BiofuelsReference
Reference

Biofuels glossary

The vocabulary of biofuels, defined in plain language — from carbon intensity and RINs to FAME, cellulosic and the blend levels at the pump.

A reference arrangement of biofuel feedstocks on a graphite surface

Biofuels carry a dense vocabulary drawn from chemistry, agriculture and fuel regulation. This glossary defines the terms used across this reference in plain language — from the fuels themselves (ethanol, biodiesel, renewable diesel) and the feedstocks they start from, to the production processes (fermentation, transesterification, hydrotreating) and the policy machinery (the RFS, RINs, carbon intensity and low-carbon fuel standards) that governs them. Each definition is intended to stand on its own; the fuller explanations live in the ethanol, biodiesel, advanced-fuels and policy sections.

Advanced biofuel
A renewable fuel other than corn-starch ethanol that achieves at least a 50% lifecycle greenhouse-gas reduction (RFS definition).
Bagasse
The fibrous residue left after sugarcane is crushed; burned at mills to power ethanol production.
Biodiesel (FAME)
A diesel fuel made from oils and fats by transesterification into fatty-acid methyl esters; used in blends with petroleum diesel.
Biomass
Material from recently living organisms — crops, residues, wood, oils, wastes — used as biofuel feedstock.
Blend wall
The practical ceiling on ethanol use when most gasoline is E10 and the fleet is built around it.
Carbon intensity (CI)
Lifecycle greenhouse-gas emissions of a fuel per unit of energy (gCO₂e/MJ); the basis for low-carbon fuel standards.
Cellulosic biofuel
Fuel made from cellulose, hemicellulose or lignin in non-food biomass; must meet a 60% GHG-reduction threshold under the RFS.
E10 / E15 / E85
Gasoline blends containing 10%, 15% and 51–83% ethanol respectively; E85 requires a flex-fuel vehicle.
Ethanol
Ethyl alcohol (C₂H₅OH) made by fermenting sugars and starches; the most widely used biofuel, blended into gasoline.
Feedstock
The raw biomass a biofuel is made from — e.g. corn, sugarcane, soybean oil, used cooking oil, crop residues.
Flex-fuel vehicle (FFV)
A vehicle built to run on gasoline, E85, or any blend in between, adjusting automatically to ethanol content.
First-generation biofuel
Fuel made from food crops — corn and sugarcane ethanol, vegetable-oil biodiesel.
Hydrotreating (HVO)
A process that reacts fats and oils with hydrogen to make renewable diesel chemically near-identical to petroleum diesel.
LCFS
Low Carbon Fuel Standard — a regulation setting a declining carbon-intensity target for transport fuels, with tradable credits.
Renewable diesel
A drop-in diesel made by hydrotreating fats and oils; usable at high blend levels, unlike FAME biodiesel.
RFS
Renewable Fuel Standard — the US federal mandate requiring set volumes of renewable fuel to be blended each year.
RIN
Renewable Identification Number — the tradable credit used to track and enforce RFS compliance.
SAF
Sustainable aviation fuel — jet fuel made from renewable or waste feedstocks rather than crude oil.
Transesterification
The reaction of oils/fats with an alcohol and catalyst to produce biodiesel (FAME) and glycerin.
Renewable Volume Obligation (RVO)
The share of renewable fuel an obligated refiner or importer must blend in a given year under the RFS.
Reference · FAQ

Glossary: common term questions

What is the difference between biodiesel and renewable diesel?
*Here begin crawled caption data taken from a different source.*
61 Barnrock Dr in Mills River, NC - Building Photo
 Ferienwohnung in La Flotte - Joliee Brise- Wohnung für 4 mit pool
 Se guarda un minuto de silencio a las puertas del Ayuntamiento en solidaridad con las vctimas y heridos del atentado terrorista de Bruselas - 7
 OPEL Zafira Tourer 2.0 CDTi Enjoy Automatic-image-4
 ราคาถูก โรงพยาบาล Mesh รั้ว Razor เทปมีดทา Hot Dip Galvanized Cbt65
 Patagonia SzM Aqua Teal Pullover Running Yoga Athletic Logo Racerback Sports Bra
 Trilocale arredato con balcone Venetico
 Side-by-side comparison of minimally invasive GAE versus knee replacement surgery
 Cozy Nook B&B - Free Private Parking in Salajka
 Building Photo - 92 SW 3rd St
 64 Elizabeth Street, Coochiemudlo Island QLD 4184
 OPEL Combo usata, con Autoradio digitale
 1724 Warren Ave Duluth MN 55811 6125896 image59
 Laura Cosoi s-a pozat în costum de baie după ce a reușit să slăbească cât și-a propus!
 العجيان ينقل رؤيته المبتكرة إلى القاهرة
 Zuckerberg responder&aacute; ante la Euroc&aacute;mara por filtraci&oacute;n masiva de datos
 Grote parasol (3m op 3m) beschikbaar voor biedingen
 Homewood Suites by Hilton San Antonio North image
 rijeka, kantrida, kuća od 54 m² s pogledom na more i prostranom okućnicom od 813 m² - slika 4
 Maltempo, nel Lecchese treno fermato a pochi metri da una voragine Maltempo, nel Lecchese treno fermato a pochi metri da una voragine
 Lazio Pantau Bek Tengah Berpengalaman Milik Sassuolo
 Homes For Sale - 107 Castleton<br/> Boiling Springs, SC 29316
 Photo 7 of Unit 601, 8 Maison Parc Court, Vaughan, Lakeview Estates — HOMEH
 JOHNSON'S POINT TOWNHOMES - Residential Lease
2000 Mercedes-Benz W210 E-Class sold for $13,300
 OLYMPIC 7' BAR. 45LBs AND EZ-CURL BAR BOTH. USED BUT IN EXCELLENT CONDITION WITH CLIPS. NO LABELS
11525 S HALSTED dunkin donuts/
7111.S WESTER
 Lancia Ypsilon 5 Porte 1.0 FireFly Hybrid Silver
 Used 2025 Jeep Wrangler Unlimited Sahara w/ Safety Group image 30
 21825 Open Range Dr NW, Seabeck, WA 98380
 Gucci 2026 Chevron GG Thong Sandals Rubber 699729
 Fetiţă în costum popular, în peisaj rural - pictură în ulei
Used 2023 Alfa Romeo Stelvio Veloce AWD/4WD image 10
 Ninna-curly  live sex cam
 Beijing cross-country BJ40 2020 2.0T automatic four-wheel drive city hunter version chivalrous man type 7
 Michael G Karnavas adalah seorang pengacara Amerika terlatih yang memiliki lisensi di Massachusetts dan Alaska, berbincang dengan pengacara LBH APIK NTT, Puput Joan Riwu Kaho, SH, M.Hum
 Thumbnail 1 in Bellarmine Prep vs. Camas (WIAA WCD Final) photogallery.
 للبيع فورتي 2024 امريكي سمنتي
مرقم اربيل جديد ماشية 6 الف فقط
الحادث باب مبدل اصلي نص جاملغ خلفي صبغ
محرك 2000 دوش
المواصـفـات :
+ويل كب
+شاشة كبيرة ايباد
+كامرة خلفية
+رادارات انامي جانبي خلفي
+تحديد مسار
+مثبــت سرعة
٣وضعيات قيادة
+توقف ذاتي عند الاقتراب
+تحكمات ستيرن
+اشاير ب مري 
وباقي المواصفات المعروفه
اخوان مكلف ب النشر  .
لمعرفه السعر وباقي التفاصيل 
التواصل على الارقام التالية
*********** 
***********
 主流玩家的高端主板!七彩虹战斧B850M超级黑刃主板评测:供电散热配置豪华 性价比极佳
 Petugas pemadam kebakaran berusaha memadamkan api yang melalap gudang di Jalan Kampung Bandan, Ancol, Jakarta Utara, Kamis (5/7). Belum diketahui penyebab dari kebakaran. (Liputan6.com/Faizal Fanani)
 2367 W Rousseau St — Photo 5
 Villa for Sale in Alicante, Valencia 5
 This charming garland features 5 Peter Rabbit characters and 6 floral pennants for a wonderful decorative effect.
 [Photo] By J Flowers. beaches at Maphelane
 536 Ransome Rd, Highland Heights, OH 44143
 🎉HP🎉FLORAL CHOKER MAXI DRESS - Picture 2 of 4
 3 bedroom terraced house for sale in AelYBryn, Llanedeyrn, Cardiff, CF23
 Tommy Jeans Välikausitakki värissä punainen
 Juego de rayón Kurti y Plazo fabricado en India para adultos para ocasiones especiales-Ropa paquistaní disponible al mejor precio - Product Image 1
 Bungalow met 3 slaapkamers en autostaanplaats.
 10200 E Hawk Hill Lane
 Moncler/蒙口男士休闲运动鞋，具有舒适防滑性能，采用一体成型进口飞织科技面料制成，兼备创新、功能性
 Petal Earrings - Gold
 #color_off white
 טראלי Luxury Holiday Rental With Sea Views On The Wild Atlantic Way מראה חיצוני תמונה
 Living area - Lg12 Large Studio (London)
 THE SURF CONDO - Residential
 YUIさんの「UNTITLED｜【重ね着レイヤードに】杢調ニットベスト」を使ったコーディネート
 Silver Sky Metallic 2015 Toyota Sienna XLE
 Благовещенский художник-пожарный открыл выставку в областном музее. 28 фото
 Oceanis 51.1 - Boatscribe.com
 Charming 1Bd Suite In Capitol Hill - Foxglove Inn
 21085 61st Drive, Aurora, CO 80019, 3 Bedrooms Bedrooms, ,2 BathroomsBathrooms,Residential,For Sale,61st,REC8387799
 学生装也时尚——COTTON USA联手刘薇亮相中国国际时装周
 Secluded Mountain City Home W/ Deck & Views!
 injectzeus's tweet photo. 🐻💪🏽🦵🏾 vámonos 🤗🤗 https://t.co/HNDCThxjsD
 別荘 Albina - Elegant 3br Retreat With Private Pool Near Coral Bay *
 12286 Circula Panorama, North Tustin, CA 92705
Both are made from oils and fats, but biodiesel (FAME) is produced by transesterification and is chemically different from petroleum diesel, so it is used in blends; renewable diesel is produced by hydrotreating and is chemically near-identical to petroleum diesel, so it is a drop-in fuel.

What is the difference between the RFS and the LCFS?

The Renewable Fuel Standard (RFS) mandates volumes of renewable fuel; the Low Carbon Fuel Standard (LCFS) sets a declining carbon-intensity target and lets any fuel compete on its carbon score. One is volume-based, the other carbon-based.

What does “carbon intensity” actually measure?

It measures a fuel’s lifecycle greenhouse-gas emissions per unit of energy — counting how the feedstock is grown, processed, transported and burned — usually in grams of CO₂-equivalent per megajoule (gCO₂e/MJ).

What is the difference between first-generation and cellulosic biofuels?

First-generation biofuels are made from food crops (corn, sugarcane, vegetable oils); cellulosic biofuels are made from non-food plant fibre such as crop residues, grasses and wood, generally with lower lifecycle carbon and land-use impact.

What is a RIN?

A Renewable Identification Number is the tradable credit used to track and enforce the US Renewable Fuel Standard — one is generated for each gallon of renewable fuel and retired by obligated parties to prove compliance.